- _HOW TO COMPLETE THIS TASK_:
In the listing below, write out exactly each line from the first through the one containing "Millions storm the".

*** DATA LISTING ***

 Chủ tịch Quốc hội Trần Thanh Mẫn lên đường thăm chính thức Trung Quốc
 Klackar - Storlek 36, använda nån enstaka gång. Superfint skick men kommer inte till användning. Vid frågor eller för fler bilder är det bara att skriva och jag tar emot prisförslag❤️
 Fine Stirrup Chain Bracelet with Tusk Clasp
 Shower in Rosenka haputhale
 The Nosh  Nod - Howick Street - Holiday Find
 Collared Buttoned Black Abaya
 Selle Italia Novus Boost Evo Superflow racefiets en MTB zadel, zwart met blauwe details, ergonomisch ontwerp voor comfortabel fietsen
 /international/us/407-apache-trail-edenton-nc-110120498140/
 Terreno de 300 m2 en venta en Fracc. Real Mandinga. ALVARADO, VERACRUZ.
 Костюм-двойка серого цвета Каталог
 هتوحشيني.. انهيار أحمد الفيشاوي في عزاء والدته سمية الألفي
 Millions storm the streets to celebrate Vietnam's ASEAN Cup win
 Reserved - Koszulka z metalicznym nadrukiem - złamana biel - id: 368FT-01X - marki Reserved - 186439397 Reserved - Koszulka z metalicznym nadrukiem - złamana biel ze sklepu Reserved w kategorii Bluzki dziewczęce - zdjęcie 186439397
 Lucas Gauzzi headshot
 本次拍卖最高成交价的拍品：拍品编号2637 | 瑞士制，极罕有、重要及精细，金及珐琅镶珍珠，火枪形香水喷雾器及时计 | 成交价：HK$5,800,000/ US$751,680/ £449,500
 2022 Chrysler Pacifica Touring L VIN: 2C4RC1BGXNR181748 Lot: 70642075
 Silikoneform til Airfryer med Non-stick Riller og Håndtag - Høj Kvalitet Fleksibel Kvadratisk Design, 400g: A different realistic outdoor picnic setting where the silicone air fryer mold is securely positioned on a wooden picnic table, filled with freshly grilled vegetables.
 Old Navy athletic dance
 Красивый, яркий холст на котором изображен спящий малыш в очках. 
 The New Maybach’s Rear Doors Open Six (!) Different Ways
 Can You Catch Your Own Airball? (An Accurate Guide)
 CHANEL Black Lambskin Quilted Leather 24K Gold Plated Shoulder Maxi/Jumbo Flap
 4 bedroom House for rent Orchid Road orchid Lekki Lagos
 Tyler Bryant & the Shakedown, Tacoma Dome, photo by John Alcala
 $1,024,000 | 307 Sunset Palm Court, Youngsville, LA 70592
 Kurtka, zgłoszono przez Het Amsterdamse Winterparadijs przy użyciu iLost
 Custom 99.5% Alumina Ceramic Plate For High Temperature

*** End of DATA LISTING ***

- _REPLY TO THE TASK_:
 Chủ tịch Quốc hội Trần Thanh Mẫn lên đường thăm chính thức Trung Quốc
 Klackar - Storlek 36, använda nån enstaka gång. Superfint skick men kommer inte till användning. Vid frågor eller för fler bilder är det bara att skriva och jag tar emot prisförslag❤️
 Fine Stirrup Chain Bracelet with Tusk Clasp
 Shower in Rosenka haputhale
 The Nosh  Nod - Howick Street - Holiday Find
 Collared Buttoned Black Abaya
 Selle Italia Novus Boost Evo Superflow racefiets en MTB zadel, zwart met blauwe details, ergonomisch ontwerp voor comfortabel fietsen
 /international/us/407-apache-trail-edenton-nc-110120498140/
 Terreno de 300 m2 en venta en Fracc. Real Mandinga. ALVARADO, VERACRUZ.
 Костюм-двойка серого цвета Каталог
 هتوحشيني.. انهيار أحمد الفيشاوي في عزاء والدته سمية الألفي
 Millions storm the streets to celebrate Vietnam's ASEAN Cup win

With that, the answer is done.